Steelyard, the largest digital product sourcing platform for professional interior designers, reports positive news from the designers and furnishings makers they serve. “As the world changes from day to day, designers are staying nimble,” says Shawn Hughes, Steelyard president and CEO. “They’re finding new, better ways to use technology to deliver what their clients need now—and with shelter-in-place orders across the country, today’s No. 1 need has become a comfortable, functional home.”

“Our clients are now working from home and may need to continue to do so for a while,” says Beth Giguere, communications director for Lisa Scheff Designs in Longmeadow, MA. “We’ve pivoted quickly to take advantage of technology. To continue to work with clients when we can’t go to their homes, we are mailing samples and holding digital meetings via Google Hangouts and Zoom. We are able to share our screen to do design presentations—it’s proved very successful so far.”

Virtual client meetings are also the new norm for Jeremy Bauer and Jason Clifton of Bauer-Clifton Interiors in Juneau, AK. In addition to interest in home office spaces, they’re focusing on designing outdoor spaces. “With nice weather just around the corner, this is a priority for people,” Clifton says. “And since we’re dealing with outdoor living areas and landscape designs, we can be onsite with zero contact, so there are no health worries.” 
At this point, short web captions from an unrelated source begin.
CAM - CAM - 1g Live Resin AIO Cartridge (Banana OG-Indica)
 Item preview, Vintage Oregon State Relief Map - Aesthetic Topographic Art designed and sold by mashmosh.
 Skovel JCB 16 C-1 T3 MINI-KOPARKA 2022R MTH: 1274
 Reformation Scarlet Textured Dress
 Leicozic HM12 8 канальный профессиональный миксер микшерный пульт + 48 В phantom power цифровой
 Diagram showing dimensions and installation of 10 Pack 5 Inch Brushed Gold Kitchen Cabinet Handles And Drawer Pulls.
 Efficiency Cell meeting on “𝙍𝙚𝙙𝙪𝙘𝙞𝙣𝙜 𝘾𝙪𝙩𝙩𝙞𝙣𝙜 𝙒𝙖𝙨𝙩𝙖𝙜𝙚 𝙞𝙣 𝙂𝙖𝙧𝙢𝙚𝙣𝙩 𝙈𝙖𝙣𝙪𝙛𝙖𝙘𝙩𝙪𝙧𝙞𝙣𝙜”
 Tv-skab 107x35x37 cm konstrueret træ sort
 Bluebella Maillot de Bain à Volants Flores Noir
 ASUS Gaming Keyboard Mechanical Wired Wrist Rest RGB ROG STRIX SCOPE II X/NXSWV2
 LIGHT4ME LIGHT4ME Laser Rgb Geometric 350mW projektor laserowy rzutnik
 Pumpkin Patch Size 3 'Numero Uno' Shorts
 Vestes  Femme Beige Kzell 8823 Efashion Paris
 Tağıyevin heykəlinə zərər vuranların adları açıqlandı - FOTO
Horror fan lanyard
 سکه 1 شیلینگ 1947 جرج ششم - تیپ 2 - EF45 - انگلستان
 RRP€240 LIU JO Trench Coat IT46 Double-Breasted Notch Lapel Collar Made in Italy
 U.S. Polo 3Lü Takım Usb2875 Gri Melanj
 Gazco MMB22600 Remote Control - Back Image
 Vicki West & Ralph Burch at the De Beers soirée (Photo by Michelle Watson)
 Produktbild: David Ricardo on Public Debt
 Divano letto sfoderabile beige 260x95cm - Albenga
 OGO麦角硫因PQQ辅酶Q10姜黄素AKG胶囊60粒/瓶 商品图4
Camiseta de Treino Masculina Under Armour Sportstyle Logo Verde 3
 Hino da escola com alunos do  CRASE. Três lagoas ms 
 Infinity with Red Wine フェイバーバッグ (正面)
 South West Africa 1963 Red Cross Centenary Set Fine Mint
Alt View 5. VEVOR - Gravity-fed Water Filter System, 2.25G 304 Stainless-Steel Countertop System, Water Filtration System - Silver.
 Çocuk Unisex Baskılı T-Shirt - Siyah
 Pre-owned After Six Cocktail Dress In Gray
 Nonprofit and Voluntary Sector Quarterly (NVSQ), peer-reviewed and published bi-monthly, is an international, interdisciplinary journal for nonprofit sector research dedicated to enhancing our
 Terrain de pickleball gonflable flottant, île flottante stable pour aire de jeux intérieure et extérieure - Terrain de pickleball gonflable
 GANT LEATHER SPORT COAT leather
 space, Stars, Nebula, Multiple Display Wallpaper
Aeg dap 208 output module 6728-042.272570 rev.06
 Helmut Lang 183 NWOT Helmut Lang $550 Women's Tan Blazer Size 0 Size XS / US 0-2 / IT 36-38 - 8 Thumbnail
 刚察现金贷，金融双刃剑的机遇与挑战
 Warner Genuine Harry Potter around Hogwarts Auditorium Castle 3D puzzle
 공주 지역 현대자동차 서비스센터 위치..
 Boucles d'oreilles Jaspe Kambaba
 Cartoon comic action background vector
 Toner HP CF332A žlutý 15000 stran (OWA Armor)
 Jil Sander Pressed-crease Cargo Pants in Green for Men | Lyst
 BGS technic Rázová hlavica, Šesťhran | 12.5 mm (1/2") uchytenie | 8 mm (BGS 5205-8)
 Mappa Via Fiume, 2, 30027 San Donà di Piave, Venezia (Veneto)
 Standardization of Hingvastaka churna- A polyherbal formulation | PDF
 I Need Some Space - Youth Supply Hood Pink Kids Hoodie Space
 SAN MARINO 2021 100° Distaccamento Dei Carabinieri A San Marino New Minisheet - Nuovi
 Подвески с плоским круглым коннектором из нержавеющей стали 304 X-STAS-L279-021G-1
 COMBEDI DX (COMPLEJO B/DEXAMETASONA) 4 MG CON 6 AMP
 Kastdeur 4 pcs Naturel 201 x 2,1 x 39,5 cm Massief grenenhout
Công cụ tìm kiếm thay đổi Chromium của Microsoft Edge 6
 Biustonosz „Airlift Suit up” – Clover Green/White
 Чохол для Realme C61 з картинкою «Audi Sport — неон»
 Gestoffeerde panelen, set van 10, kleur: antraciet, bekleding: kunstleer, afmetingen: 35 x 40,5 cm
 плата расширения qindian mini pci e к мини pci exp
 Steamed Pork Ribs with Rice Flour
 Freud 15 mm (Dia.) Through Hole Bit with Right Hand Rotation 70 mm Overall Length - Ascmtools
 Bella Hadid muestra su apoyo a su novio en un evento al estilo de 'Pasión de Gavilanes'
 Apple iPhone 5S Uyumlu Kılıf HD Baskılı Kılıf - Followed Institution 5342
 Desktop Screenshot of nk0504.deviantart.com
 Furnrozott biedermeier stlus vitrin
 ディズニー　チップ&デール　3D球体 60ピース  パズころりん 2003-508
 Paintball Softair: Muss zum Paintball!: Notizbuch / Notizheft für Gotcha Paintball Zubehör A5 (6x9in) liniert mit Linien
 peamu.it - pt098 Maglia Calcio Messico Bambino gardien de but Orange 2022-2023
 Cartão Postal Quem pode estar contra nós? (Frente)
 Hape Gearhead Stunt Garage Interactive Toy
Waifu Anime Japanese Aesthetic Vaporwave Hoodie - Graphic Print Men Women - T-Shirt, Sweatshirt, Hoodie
Other firms are turning their energy to e-design services. “We quickly developed a new division for our firm, which we call Southern Studios Simplified,” says Vicky Serany, founder and principal of Southern Studio Interior Design in Cary, NC. “Using video consultations, we work on projects that are simpler than our full-service design offerings but are also a lot of fun. With schools and offices closed and family life turned upside down, it feels great to help people as they seek comfort in their homes.”

While interior designers forge ahead, often electronically, furnishings firms continue to find ways to supply the goods that designers are specifying through Steelyard. 

“We’re fortunate to have a rather large facility that allows our employees to maintain social distancing so we can stay open and supply items for home offices, which is a very large category for us,” says David Farris, owner of Barnes Custom Upholstery in High Point, NC. “We’re seeing so many people ordering furniture to change a spare bedroom into an office.”
At Polywood Furniture in Syracuse, IN, homeowners’ desires for restful outdoor living spaces has led to an upsurge in sales for the digital-first company. “There’s a lot of energy going into creating a backyard oasis as people are spending time at home with their families,” says Lindsay Schleis, Polywood’s vice president of business development. “People also want furnishings that are easy to clean and sanitize.” Polywood specializes in outdoor furniture made from recycled plastic material.

 “We’re so glad to be a bright spot,” says Steelyard’s Hughes. “We’re optimistic about the industry and keeping a positive attitude about the future.”